Depois da história, o trabalho
Identificado o objetivo do cliente, a equipe parte para o brainstorm. Desse brainstorm, surgem ideias, histórias, possibilidades. Determinado o caminho, basta sentar em frente ao computador e trabalhar. Não basta apenas ter a proposta na cabeça, se ela não ganhar vida na imaginação de outras pessoas. “É preciso de um texto. O setor de redação publicitária produz um texto que esteja relacionado com a metáfora e com a proposta do que está sendo vendido”, comenta Goreti.
Tendo o texto, é preciso partir para as peças. “A ideia tem que ganhar vida no bidimensional. Vira cartaz, outdoor, empena e folder. O setor de Criação é quem transforma isso. Exige um principio de matemática, estudo de cor e análise semiótica.”
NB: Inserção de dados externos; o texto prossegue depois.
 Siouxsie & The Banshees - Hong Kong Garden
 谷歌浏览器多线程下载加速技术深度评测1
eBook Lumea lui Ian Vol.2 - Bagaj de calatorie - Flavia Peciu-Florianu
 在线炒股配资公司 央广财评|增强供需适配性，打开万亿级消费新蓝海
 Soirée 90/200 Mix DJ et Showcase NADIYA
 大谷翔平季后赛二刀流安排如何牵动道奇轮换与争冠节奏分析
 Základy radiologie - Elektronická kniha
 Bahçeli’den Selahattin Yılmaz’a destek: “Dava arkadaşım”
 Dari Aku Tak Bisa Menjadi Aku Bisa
Peças criadas, acontece a avaliação final. Se excluem os excessos e se acrescenta o que falta. “Depois disso, a peça é apresentada ao cliente e acontece toda a explicação do que foi colocado ali”, explica.
Sucesso!
Outro fator importante, destacado pela supervisora, e que interfere diretamente no sucesso da peça é o público a que ela se destina. “Toda a propaganda depende do público alvo. A publicidade não vende o produto, mas vende ideias”. Logo, é preciso criar um vínculo com a mente de um possível cliente. “Publicitários vendem aquilo que está agregado ao produto que é, na realidade, o que o ser humano quer. O publicitário conversa com o interior do sujeito e com aquilo que ele quer de verdade”. Nessa relação de apresentar aquilo que, intimamente, o ser humano deseja é que se rejeita a ideia de simplesmente lançar preços. “O uso das metáforas é muito importante. A propaganda mais interessante é aquela que permite que tu imagine e crie um vínculo com o que está sendo apresentado”, conclui.
Como funciona no Nexpp?
Todo o processo que Maria Goreti explicou é o processo normal de uma agência de publicidade. O Núcleo Experimental, no entanto, tem uma diferença: a presença de alunos. “O núcleo faz parte do curso de Publicidade e Propaganda, então os alunos exercitam as atividades que aprende teoricamente. O trabalho desenvolvido aqui é um trabalho que vai para fora da Universidade também. Então há profissionais formados trabalhando lado a lado com os estagiários. No Núcleo, se aplica na prática aquilo que a sala de aula oferece”, acredita. Ao todo, são três professores, sete profissionais e oito estagiários. “Todo mundo funciona junto. A ideia nasce e depois, cada um, dentro da sua característica começa a trabalhar”.